EXERCISE BRIEF: Write out again, exactly as they appear, the lines from the start of the data below through the line with "Well that's Biotope"; no pictures.

Stored data
■ ■ ■ ■

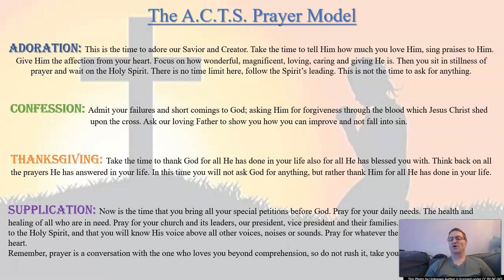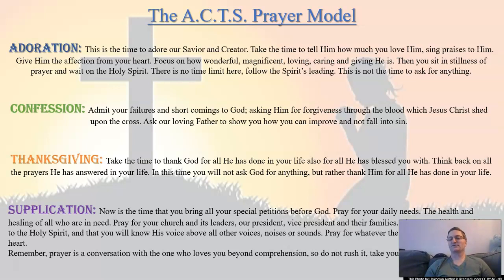And you pray for whatever the Lord lays upon your heart. Just remember, prayer is a conversation with the one who loves you beyond comprehension. So by all means, do not rush this. Take your time and enjoy being in the presence of our loving creator and savior.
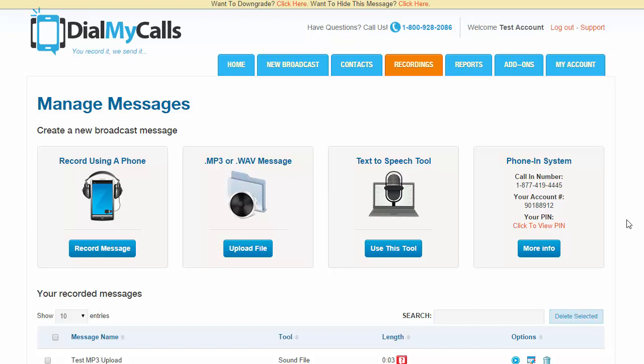So that's pretty much it. You can always listen to your message again, you can re-record it, you can do whatever you want. So now I went ahead and saved it into the account. You can refresh the page and we should see it right here.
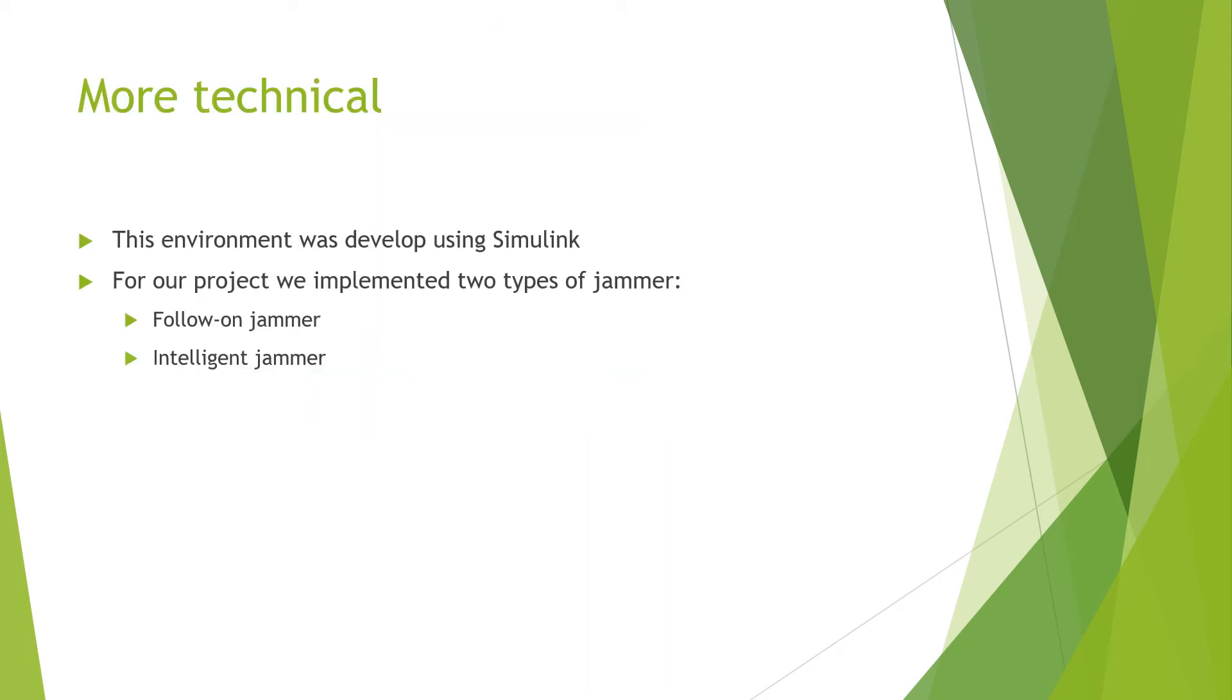Getting more technical now, first I should mention this environment was developed using Simulink. Due to time constraints, we were only able to implement two types of jammers.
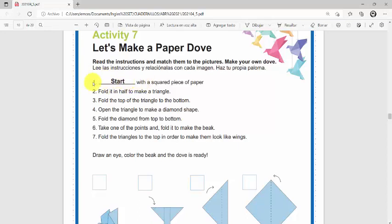Number one says: Start with a square piece of paper. Start with a square piece of paper. Y eso significa comienza con un papel, con un pedazo de papel cuadrado. Y en el vídeo que ustedes crearán, por ejemplo, pueden aparecer con una hoja de papel en mano.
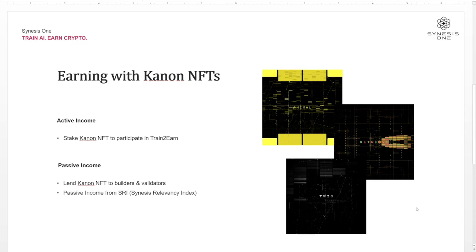Passive income has two parts. As a Canon NFT owner, you can lend out your Canon NFT to builders and validators. So you're not necessarily doing the work as an active builder or validator, but you're participating and collecting passive income through your guild members. The other method is passive income through SRI, which is the Synesis Relevancy Index — the passive income you earn from how frequently your words are used by systems like Mind AI.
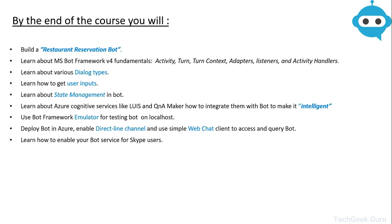You would have learned about various kinds of dialogues that you can build into your bot. You will learn about how you can get the user inputs and then how you can validate those input values.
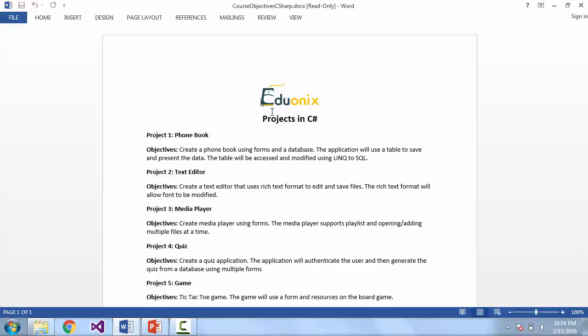Our first project is going to be to create a phone book. We're going to use a form and a database. It's going to use LINQ to SQL to save and get the entries. These entries are going to be presented and edited in a table.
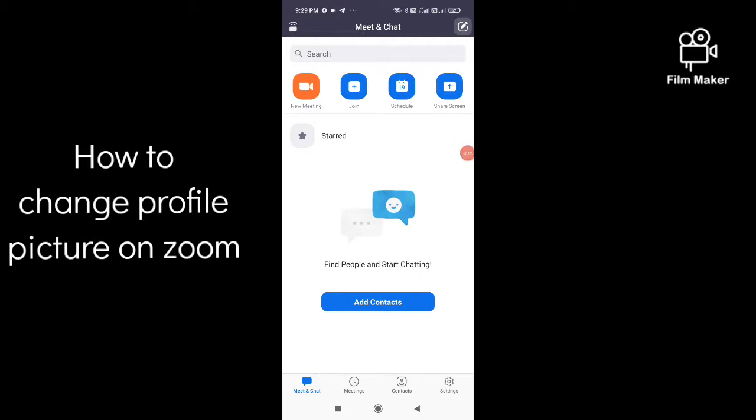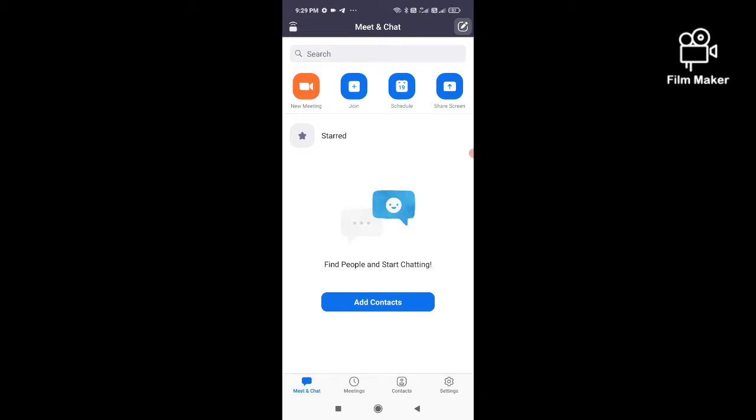Hi friends, in this video I am going to show you how to change your profile picture on Zoom. First, you have to login to your Zoom account and then click on the settings option.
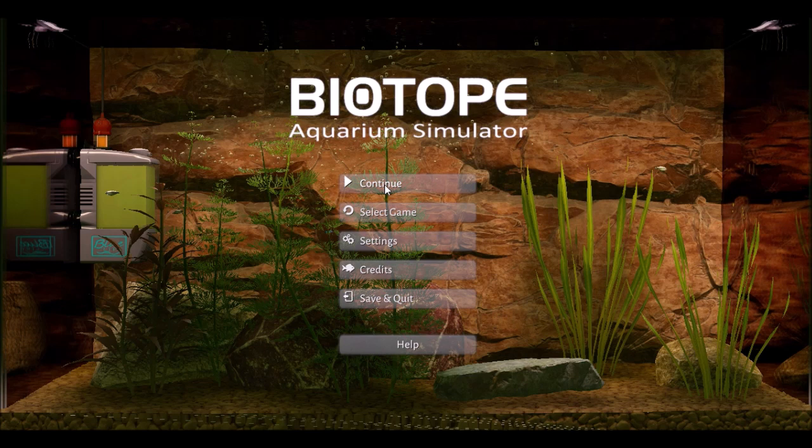Well that's Biotope Aquarium Simulator. Thanks for watching and I'll see you soon with another video.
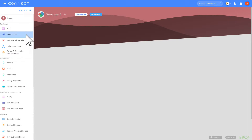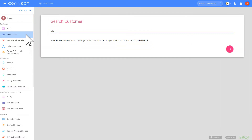To send money to a registered bank account specified by your customer, click on the Send Cash tab. Then enter the mobile number of the customer and click on Submit.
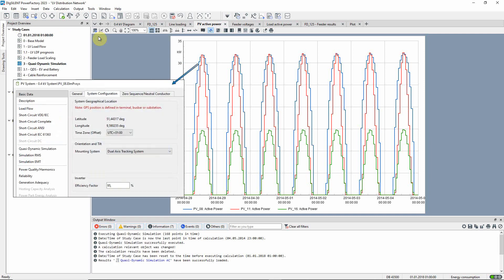This system, PV8, has a similar maximum output to that of PV11, but its dual-axis tracking system leads to increased energy output in the earlier and later parts of the day.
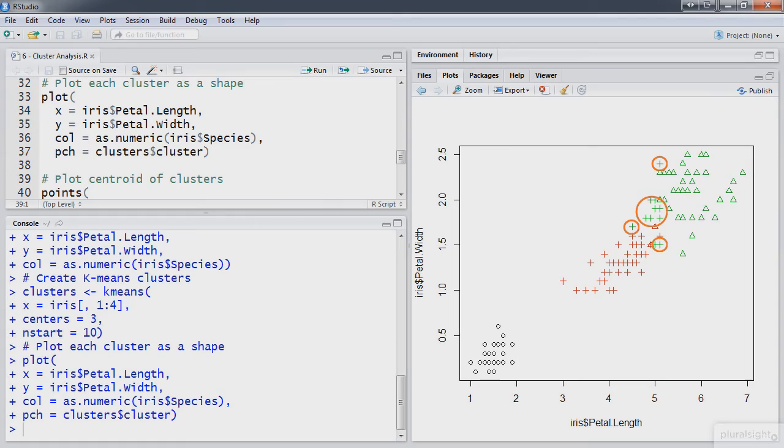So, please join us today at Pluralsight for this course on exploratory data analysis with R and learn how to swim in our new data-driven economy.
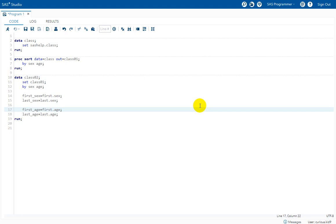In this video we will see how SAS creates the temporary variables first dot and last dot for each variable specified on the by statement.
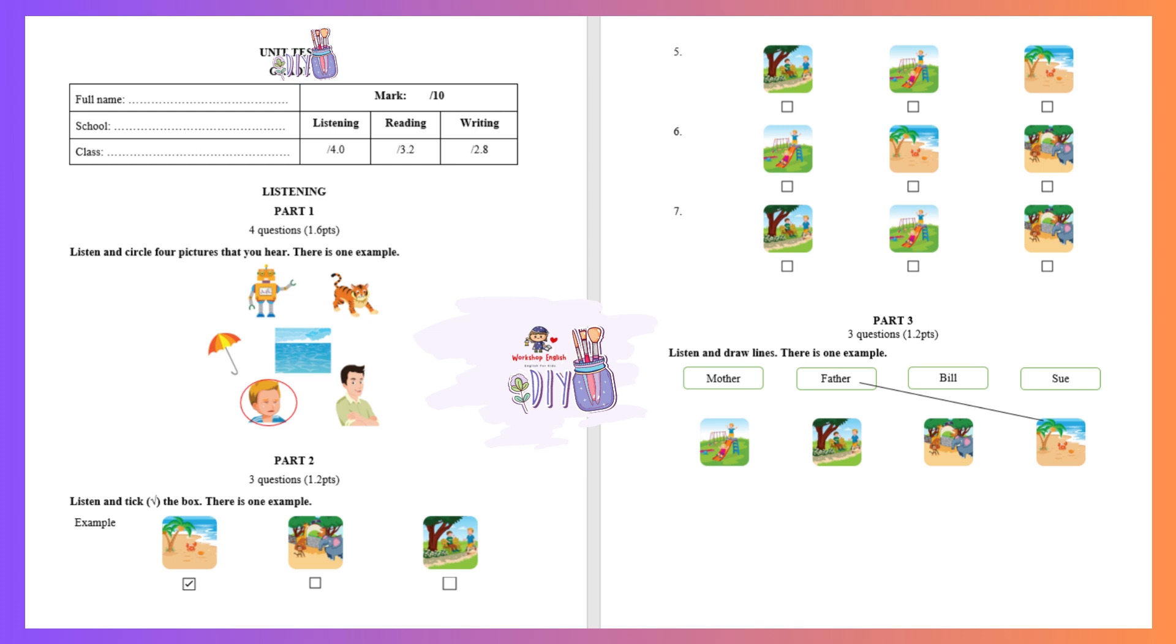Part two. Listen and tick the box. There is one example. I want to go to the beach. That sounds fun. Let's go to the beach. Can you see the tick? Now you listen and tick the box.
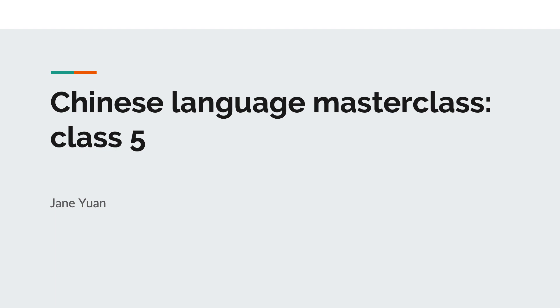Welcome to my masterclass. Today is the fifth class of my masterclass. We will read aloud basic pinyin texts in this class.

■ ■ ■ ■

RESPONSE FOR THIS EXERCISE:
And you pray for whatever the Lord lays upon your heart. Just remember, prayer is a conversation with the one who loves you beyond comprehension. So by all means, do not rush this. Take your time and enjoy being in the presence of our loving creator and savior.
So that's pretty much it. You can always listen to your message again, you can re-record it, you can do whatever you want. So now I went ahead and saved it into the account. You can refresh the page and we should see it right here.
Getting more technical now, first I should mention this environment was developed using Simulink. Due to time constraints, we were only able to implement two types of jammers.
Number one says: Start with a square piece of paper. Start with a square piece of paper. Y eso significa comienza con un papel, con un pedazo de papel cuadrado. Y en el vídeo que ustedes crearán, por ejemplo, pueden aparecer con una hoja de papel en mano.
Passive income has two parts. As a Canon NFT owner, you can lend out your Canon NFT to builders and validators. So you're not necessarily doing the work as an active builder or validator, but you're participating and collecting passive income through your guild members. The other method is passive income through SRI, which is the Synesis Relevancy Index — the passive income you earn from how frequently your words are used by systems like Mind AI.
You would have learned about various kinds of dialogues that you can build into your bot. You will learn about how you can get the user inputs and then how you can validate those input values.
Our first project is going to be to create a phone book. We're going to use a form and a database. It's going to use LINQ to SQL to save and get the entries. These entries are going to be presented and edited in a table.
Hi friends, in this video I am going to show you how to change your profile picture on Zoom. First, you have to login to your Zoom account and then click on the settings option.
Well that's Biotope Aquarium Simulator. Thanks for watching and I'll see you soon with another video.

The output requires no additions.